On October 6, 1882, the Carroll County Times reported that a new depot had been located on the Georgia Pacific "at the old Seventh Court Ground in Haralson County," and "that at the present time, there is no one living in three miles of the place." The new town of Bremen was plotted and laid out in a grid of commercial and residential lots bisected by the railroad. The commercial lots were located at the center, on either side of the railroad, and a small park was located on the north side of the railroad at the center. On October 31, 1882, a public sale of town lots was conducted and on September 5, 1883, the town of Bremen was incorporated. The corporate limits formed a rectangle, one-half mile east and west of the depot and one-fourth mile north and south of the railroad track.
When the Chattanooga, Rome, and Columbus Railroad was built through the county in c. 1887, the tracks crossed the Georgia Pacific about three-fourths of a mile northeast of the Bremen depot and about one-fourth mile east of the corporate limits established in 1883.
Growth and development in the area of the railroad crossing resulted in a shift in and expansion of the corporate limits of Bremen on December 15, 1892. The new rectangular corporate limits extended one-half mile east and 1,610 yards west from the crossing of the railroads and one-half mile north and south of the Georgia Pacific Railroad tracks. These corporate limits included the area around the railroad crossing as well as most of the "old town" area. On December 30, 1898, the shift of the town to the area of the rail crossing was completed when the corporate limits were again changed, this time extending 700 yards in every direction from where "Buchanan" street crossed the Southern Railroad. This small circle of four-tenths-mile radius, centered near the railroad crossing, was a significant reduction in Bremen's incorporated area and excluded most of the "old town" area. This fact is reflected in Bremen's population figures. Bremen's population in 1890 was 312. After the two changes in the town's corporate limits in the 1890s, the population in 1900 was only 291.
Buchanan
On September 20, 1881, Buchanan's town limits were expanded from one-half to five-eighths of a mile in every direction from the center of the public square. In c. 1887, the Chattanooga, Rome, and Columbus Railroad laid its tracks north-south through the eastern side of town, and about that time, rail service was completed between Chattanooga and Carrollton; in May 1891, construction was begun on a new county courthosue. Due to the influence of the railroad and an increase in its corporate limits, Buchanan's population increased from 158 in 1880 to 324 in 1890. Population increased modestly during the 1890s, reaching 359 by 1900.
Waco
Lying along the Georgia Pacific Railroad 2.5 miles southwest of Bremen, Waco was a small unincorporated community when the railroad skirted its northern fringe. Known first as Dean, Waco was incorporated on September 23, 1885. The corporate limits extended on-half mile in every direction from the Methodist Protestant Church, or the center of the town. In 1890, Waco's population of 357 was greater than that of either Bremen or Buchanan. By 1900, however, population declined to 345, and Waco's population was surpassed by Buchanan's.
Tallapoosa
Undoubtedly, the most significant events related to the development and growth of Haralson County's towns during this period occurred in Tallapoosa. In c. 1884 the Georgia Pacific Railroad laid track three-fourths of a mile south of the center of Tallapoosa, outside the corporate limits of the town. Beginning in July 1887, Tallapoosa's development was stimulated by the investment and promotion activities of the Tallapoosa Land, Mining, and Manufacturing Company and subsequently, beginning in c. 1890, by the Georgia-Alabama Investment and Development Company. These companies successively owned or controlled large blocks of land in and around Tallapoosa and proposed to build a large and proserous manufacturing and residential city and health resort. A city was plotted and the promoters planned to build varous manufacturing facilities, a public school building, a great hotel at Lithia Springs, streetcar lines, wtaer works, electric light facilities, parks and various other public enterprises and improvements.

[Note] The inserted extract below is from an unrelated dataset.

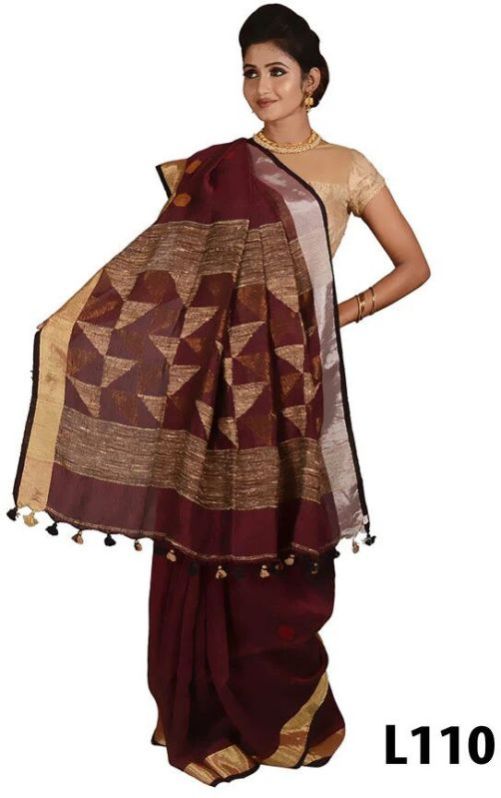 Fancy Linen Handloom Saree's
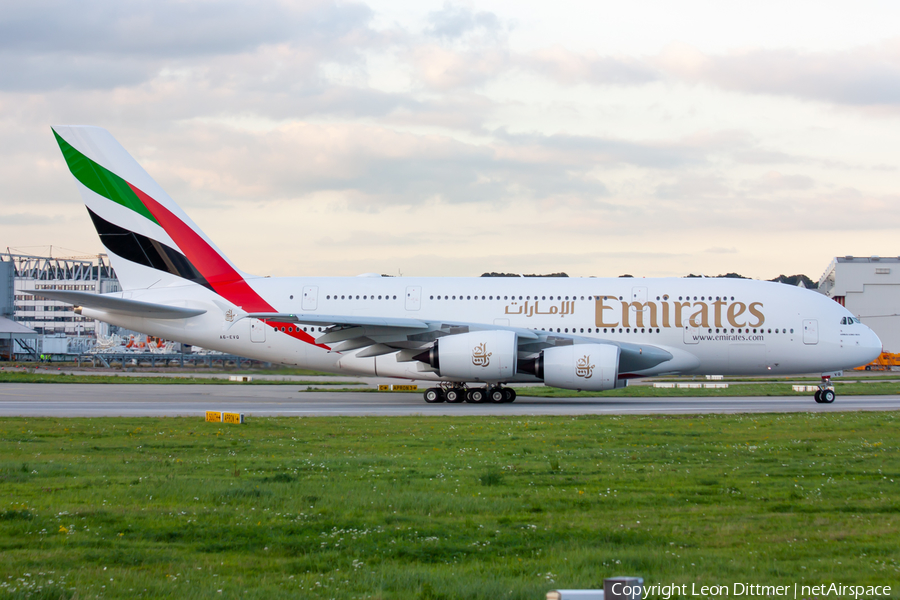 Emirates Airbus A380-842 (A6-EVQ) | Photo 479417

A boom resulted in Tallapoosa from c. 1887 until c. 1893, when outside investment slowed or was withdrawn. On December 26, 1888, the town was reincorporated as the City of Tallapoosa and the corporate limits were extended on a grand scale to include 17 land lots or more than 3,440 acres.
Growth and development of the new city was equally dramatic. Tallapoosa's "old town" population stood at only 56 in 1884; but according to the 1890 census, the new City of Tallapoosa, centered along the Georgia Pacific Railroad, had reached a population of 1,699 by the end of the decade.
Tallapoosa's boom phase continued into the early 1890s. A Prospectus of the City of Tallapoosa published by the Georgia-Alabama Investment and Development Company in 1891 claimed that Tallapoosa had 13 manufacturing establishments operating or under construction, a state bank (the Merchants and Miners Bank), three hotels, Lithia Springs Park and Gardens and the great Lithia Springs Hotel under construction, two newspapers, an electric light company and 36 street lights, a waterworks, five churches (two black), two schools (one black), 30 stores, and nearly 700 houses, with two-thirds having been built in the past two years.
Some additional commercial, industrial, and residential development occurred bfore Tallapoosa's boom period stalled, including the construction of several additional brick commercial buildings, the construction of a street railway system, and the completion of the Lithia Springs Hotel. The previously noted industrial decline was partially offset by the development of fruit-related industries later in th decade, and the Lithia Springs Hotel attracted large numbers of visitors to the city.
Some reports claim Tallapoosa's population reached 2,500 to 3,000 in the early 1890s, during the height of the boom. After the boom subsided and the economy stabilized somewhat, the city had an official population of 2,128 in 1900. This figure indicates a net population gain of 25.2 percent over the decade of the 1890s. Thus, in 1900, Tallapoosa had almost six times the population of Buchanan, the county's second largest town.